Have you tried posting this on the Anthrocon forums, btw? I think you'll get better results there.


----------



## Pine (Nov 9, 2011)

Maybe you can try bringing a non-furry friend? I went to AC this year from Montana with a friend who didn't know anything about the fandom, and we still had a blast.


----------



## VesperDragon (Nov 9, 2011)

CatWaffles said:


> Hi
> 
> I'm from California as well and will most likely be going to next years Anthrocon. I went "alone" last year as well and although it was pretty cool, I think it would be better with someone. I could meet you and any other califurs at the con, but however, I will be flying with some people and I got all that planned so I cannot fly with you, sorry
> 
> Have you tried posting this on the Anthrocon forums, btw?
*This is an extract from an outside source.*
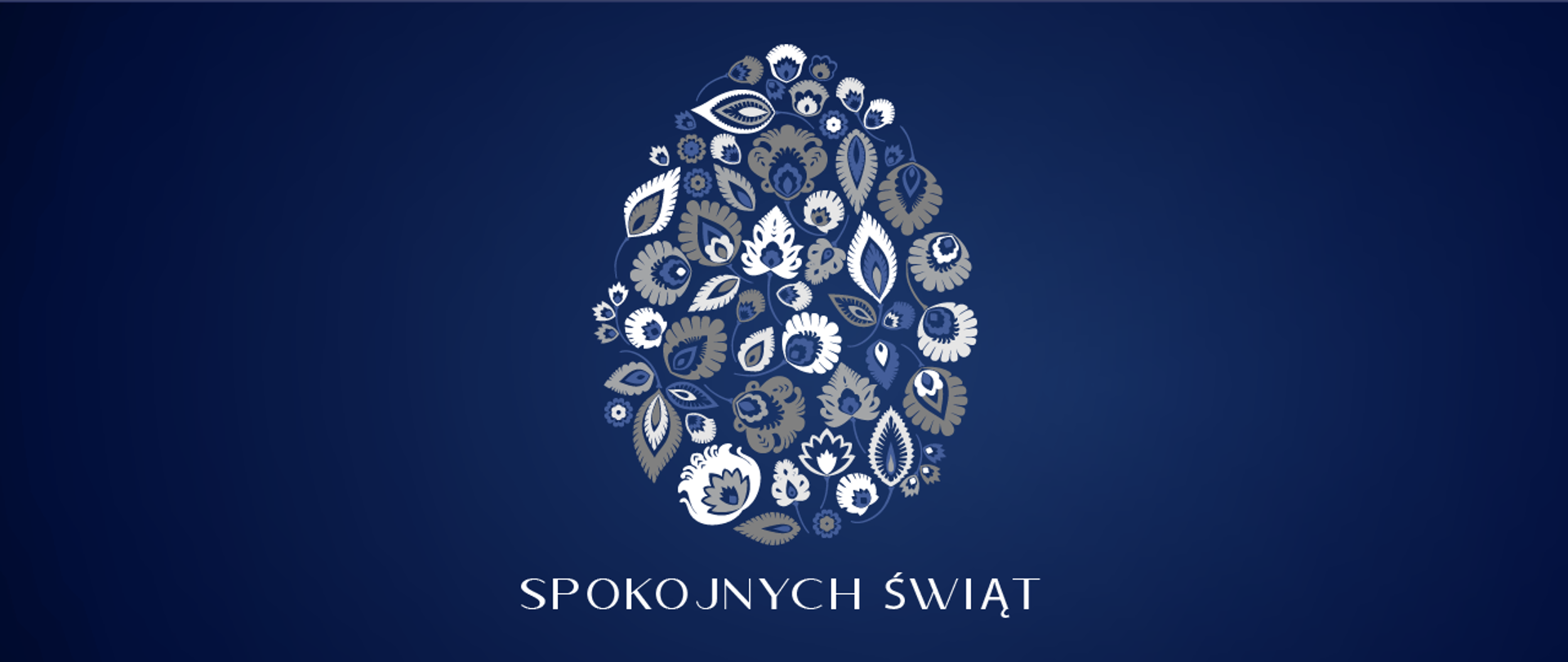 Na granatowym tle biały napis: Spokojny Świąt. Na napisem wory łowickie ułożone w kształt pisanki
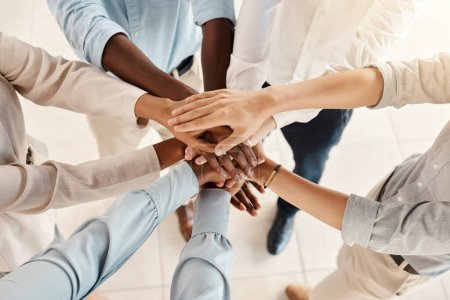 Hands, team with support and solidarity, diversity with business people, collaboration and trust in the workplace. Community, team building and working together, office teamwork and partnership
I think you'll get better results there.



i have posted it on further confusion forum on anthrocon forum and on anthrocon facebook, the only reply i got was from uncle kage saying it was a good idea...

i suppose it's possible no one is responding that far down the line but seriously you two are like the only people to reply to this, unless you count all the people from the other thread i posted telling me that my spelling was terrible and i should move my thread... i was actually told i should be ashamed of my spelling... granted it was because i misspelled Pittsburgh (pitsberg, <,< whatever) but i suppose im getting off topic...

-sigh- i duknow its getting annoying now, i wanted to get on this asap so that we could plan it out in advanced making the entire trip easier to do. but i suppose i just dont know anyone on this side. i know so little furs on the west coast that its like im the only one out here. i know thats not true but i digress.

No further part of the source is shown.